(Beginning of The input)

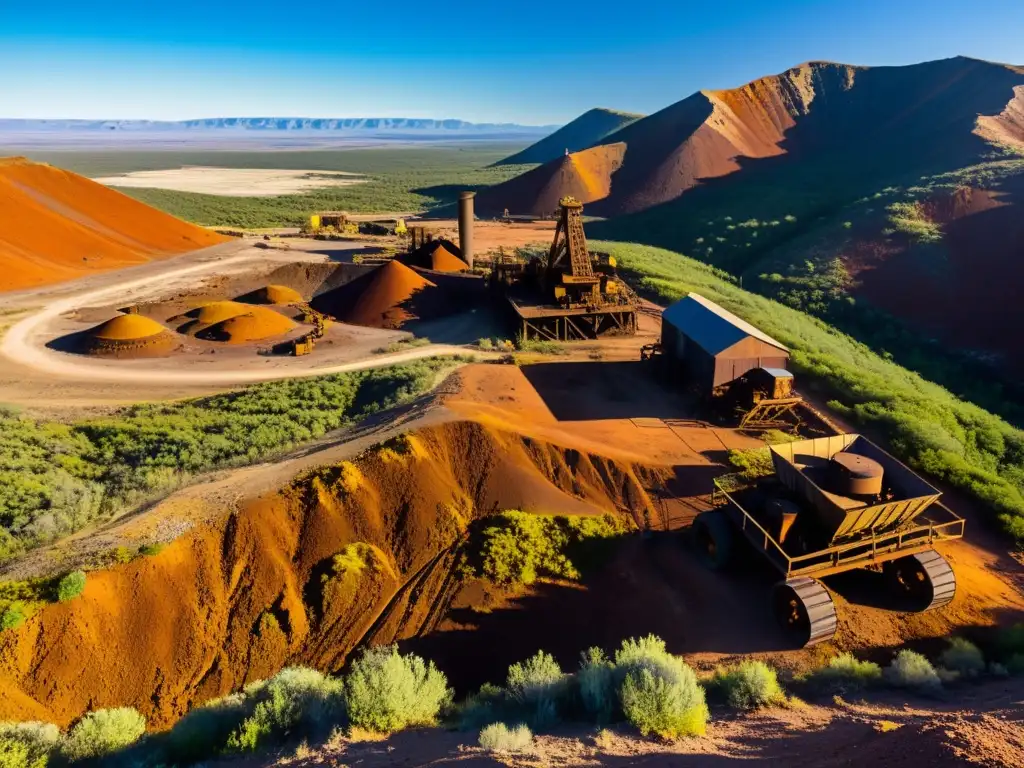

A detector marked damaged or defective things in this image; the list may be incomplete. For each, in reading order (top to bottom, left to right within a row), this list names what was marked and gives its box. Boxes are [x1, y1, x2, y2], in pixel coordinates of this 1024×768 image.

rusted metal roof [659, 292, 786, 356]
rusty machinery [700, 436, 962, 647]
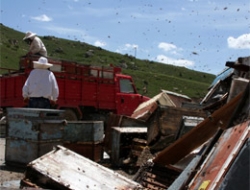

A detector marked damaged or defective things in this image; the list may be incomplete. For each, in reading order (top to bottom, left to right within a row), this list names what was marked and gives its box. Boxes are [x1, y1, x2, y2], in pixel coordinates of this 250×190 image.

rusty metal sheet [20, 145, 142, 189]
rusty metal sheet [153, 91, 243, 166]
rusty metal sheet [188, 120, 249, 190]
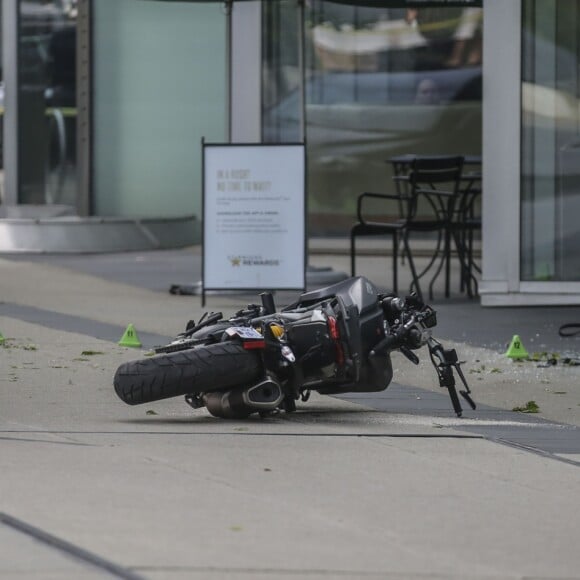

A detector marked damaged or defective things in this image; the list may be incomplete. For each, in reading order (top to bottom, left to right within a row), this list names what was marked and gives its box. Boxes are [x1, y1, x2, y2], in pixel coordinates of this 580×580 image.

(End of The input)
(Beginning of The input)

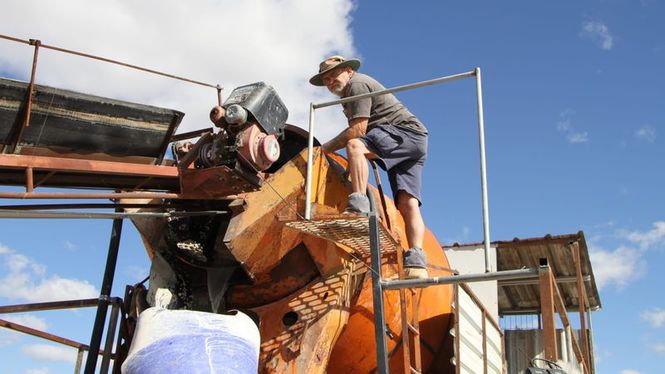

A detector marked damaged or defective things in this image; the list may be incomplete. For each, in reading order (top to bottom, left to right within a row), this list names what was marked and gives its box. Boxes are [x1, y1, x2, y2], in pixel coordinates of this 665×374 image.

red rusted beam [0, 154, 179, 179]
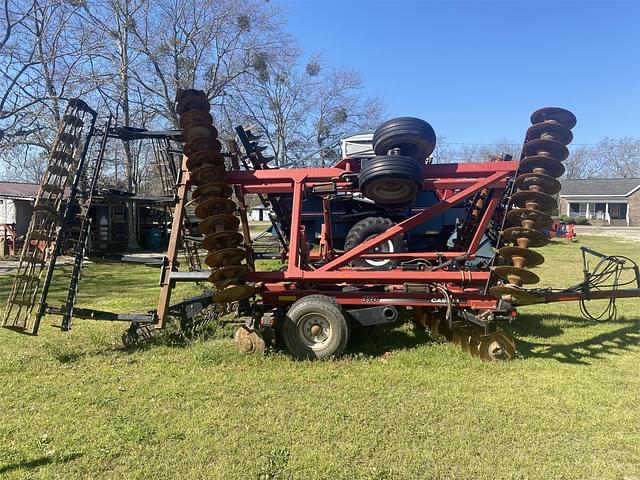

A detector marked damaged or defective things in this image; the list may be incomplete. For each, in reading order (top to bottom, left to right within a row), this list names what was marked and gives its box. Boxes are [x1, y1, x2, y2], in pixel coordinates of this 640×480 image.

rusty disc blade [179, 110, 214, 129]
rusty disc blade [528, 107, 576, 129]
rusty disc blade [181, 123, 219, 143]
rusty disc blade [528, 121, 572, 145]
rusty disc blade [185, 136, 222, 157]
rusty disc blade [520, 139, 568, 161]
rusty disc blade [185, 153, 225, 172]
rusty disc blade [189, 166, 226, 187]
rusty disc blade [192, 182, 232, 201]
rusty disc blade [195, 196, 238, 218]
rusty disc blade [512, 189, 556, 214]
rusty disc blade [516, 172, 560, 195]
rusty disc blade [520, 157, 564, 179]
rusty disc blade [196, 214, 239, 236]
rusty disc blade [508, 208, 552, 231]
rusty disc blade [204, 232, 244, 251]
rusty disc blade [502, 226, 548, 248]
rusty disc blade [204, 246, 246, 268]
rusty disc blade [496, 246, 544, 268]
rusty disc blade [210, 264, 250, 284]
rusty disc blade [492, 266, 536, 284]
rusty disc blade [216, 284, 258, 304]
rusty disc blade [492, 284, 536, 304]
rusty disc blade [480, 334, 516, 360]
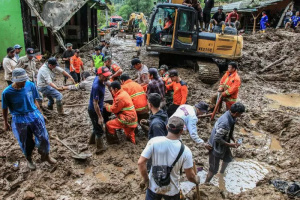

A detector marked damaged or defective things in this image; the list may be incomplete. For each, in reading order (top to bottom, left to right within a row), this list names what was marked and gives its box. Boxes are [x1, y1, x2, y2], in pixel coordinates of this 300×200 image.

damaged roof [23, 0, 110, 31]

(End of The input)

Exercise instructions → Give again the stretch of the entries above that begins at the line with "this 1024×768 image." and ends at the line with "this 580×580 image.", word for word, with no pictures.

Final answer →
A detector marked damaged or defective things in this image; the list may be incomplete. For each, in reading order (top to bottom, left to right within a row), this list names what was marked and gives its box. Boxes are [x1, y1, x2, y2], in pixel coordinates of this 1024×768 image.

rusted metal roof [659, 292, 786, 356]
rusty machinery [700, 436, 962, 647]

A detector marked damaged or defective things in this image; the list may be incomplete. For each, in reading order (top to bottom, left to right within a row), this list names what was marked and gives its box. Boxes are [x1, y1, x2, y2], in pixel coordinates of this 250×190 image.

rusty metal sheet [20, 145, 142, 189]
rusty metal sheet [153, 91, 243, 166]
rusty metal sheet [188, 120, 249, 190]

A detector marked damaged or defective things in this image; the list may be incomplete. For each, in reading order (top to bottom, left to right within a row), this list names what was marked and gives its box. Boxes are [x1, y1, x2, y2], in pixel coordinates of this 580×580 image.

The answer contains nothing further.